= Beginning of Section =

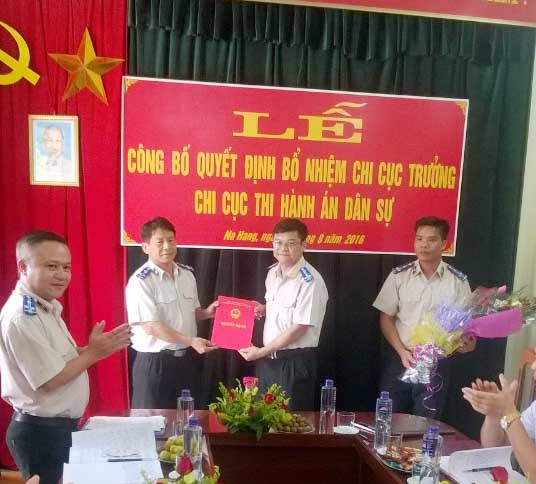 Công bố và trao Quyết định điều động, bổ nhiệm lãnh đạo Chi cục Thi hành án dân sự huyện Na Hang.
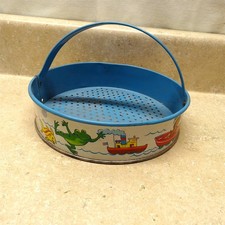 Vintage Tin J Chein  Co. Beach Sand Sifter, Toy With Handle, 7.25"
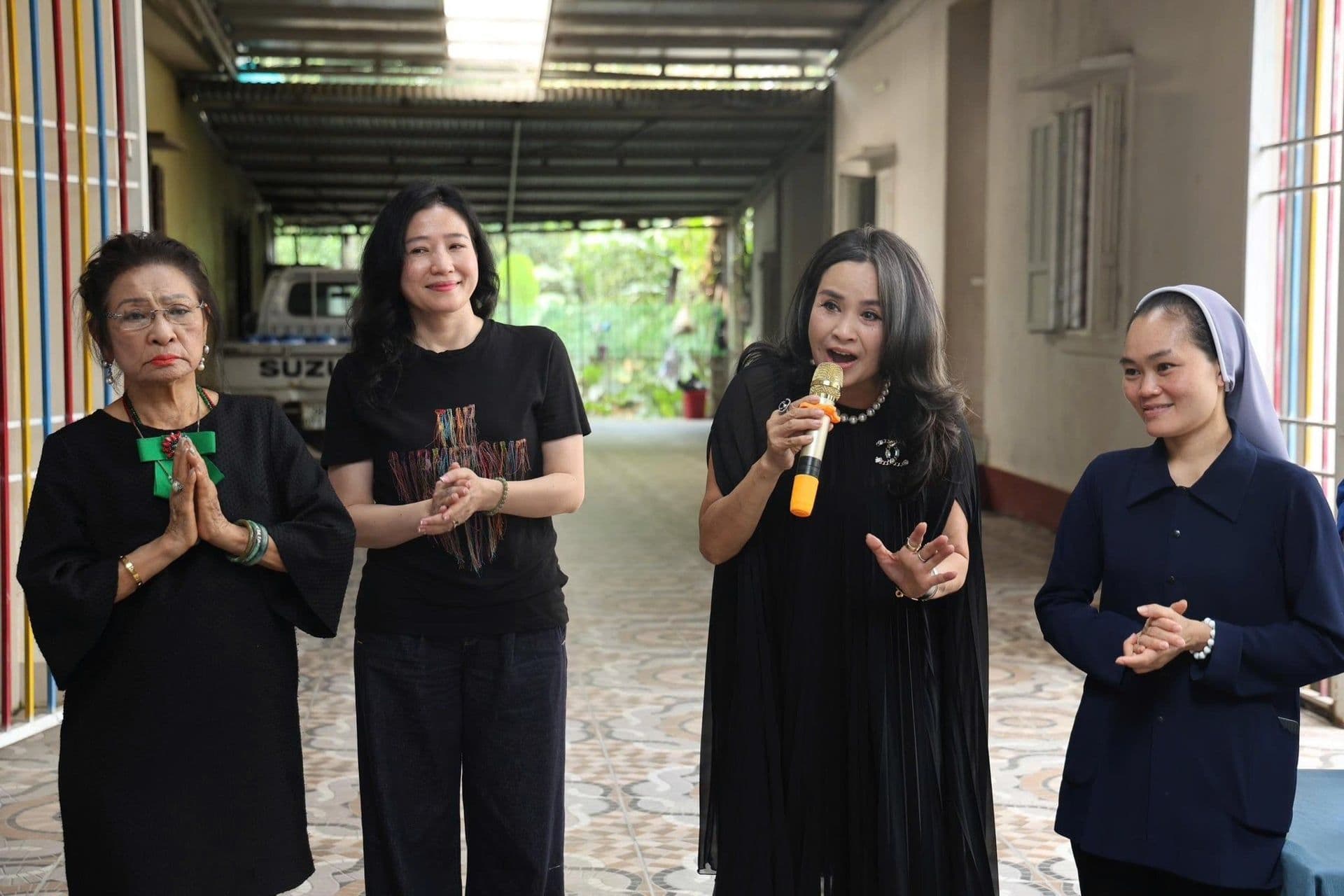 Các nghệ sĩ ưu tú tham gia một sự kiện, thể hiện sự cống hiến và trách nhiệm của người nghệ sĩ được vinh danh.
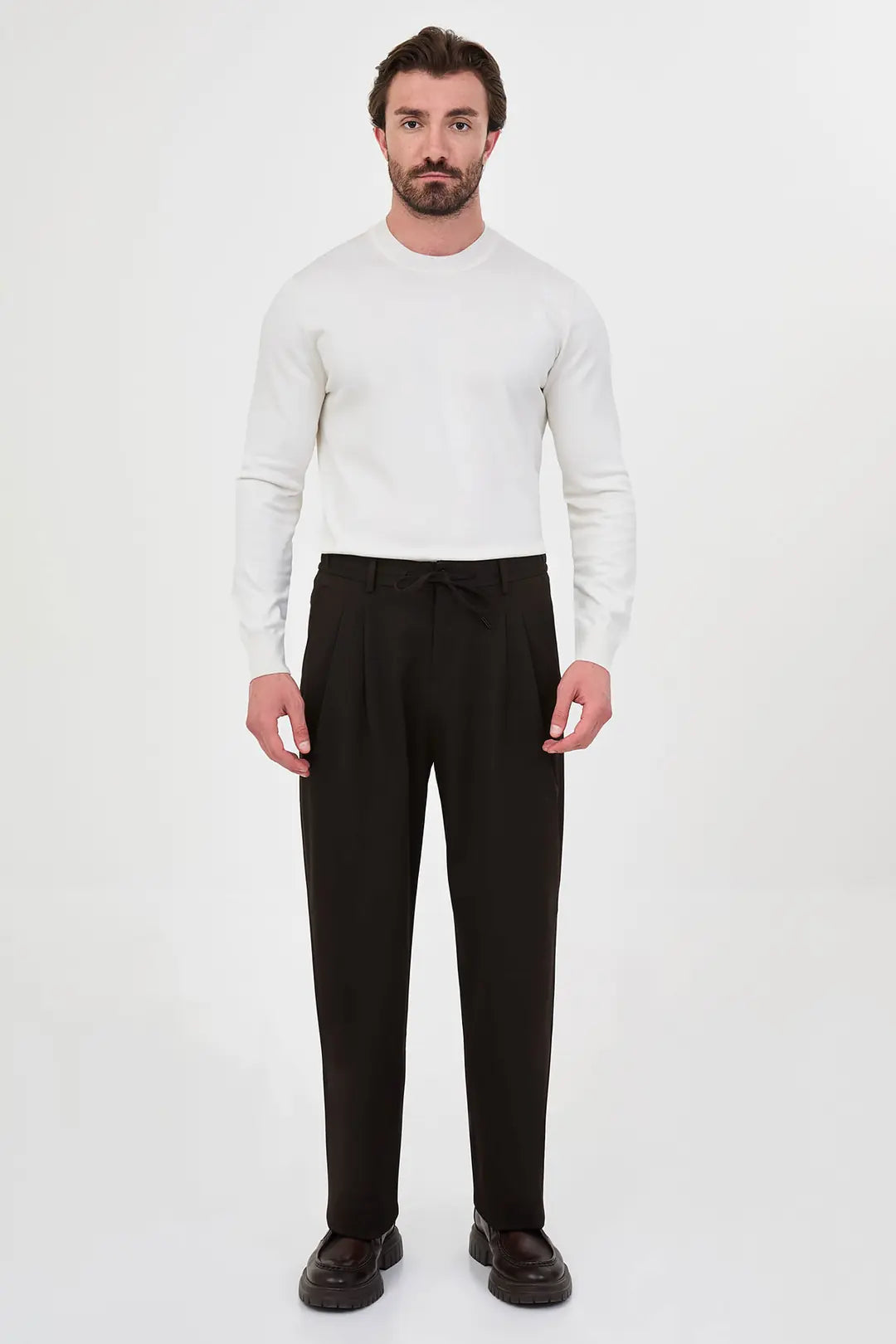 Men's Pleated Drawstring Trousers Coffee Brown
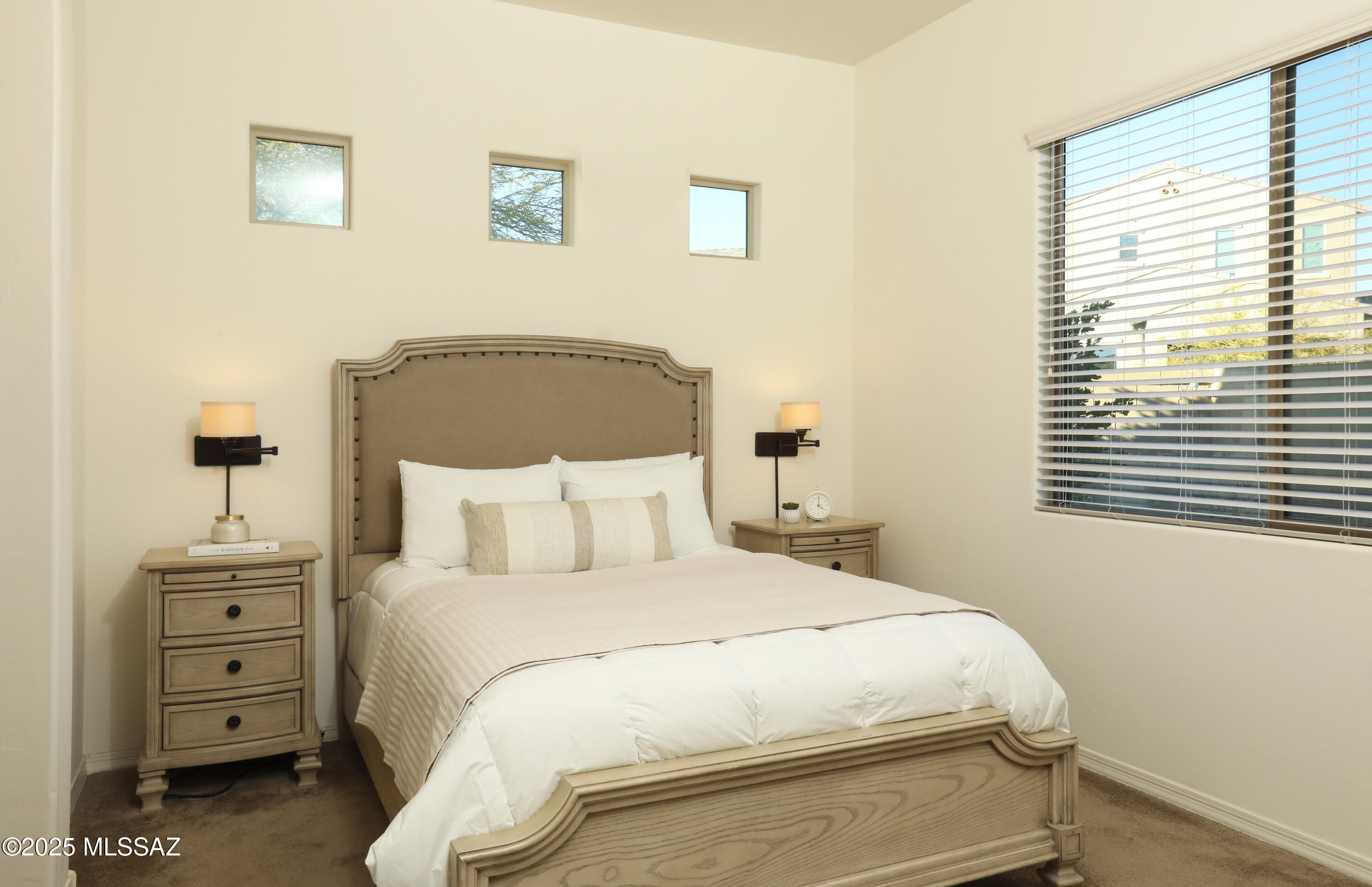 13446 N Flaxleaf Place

= End of Section =

Problem
Transcribe the span of lines that runs from the line with "Các nghệ sĩ" to the end of the data, both ends included, exactly, with nothing else and no pictures.

Task result
 Các nghệ sĩ ưu tú tham gia một sự kiện, thể hiện sự cống hiến và trách nhiệm của người nghệ sĩ được vinh danh.
 Men's Pleated Drawstring Trousers Coffee Brown
 13446 N Flaxleaf Place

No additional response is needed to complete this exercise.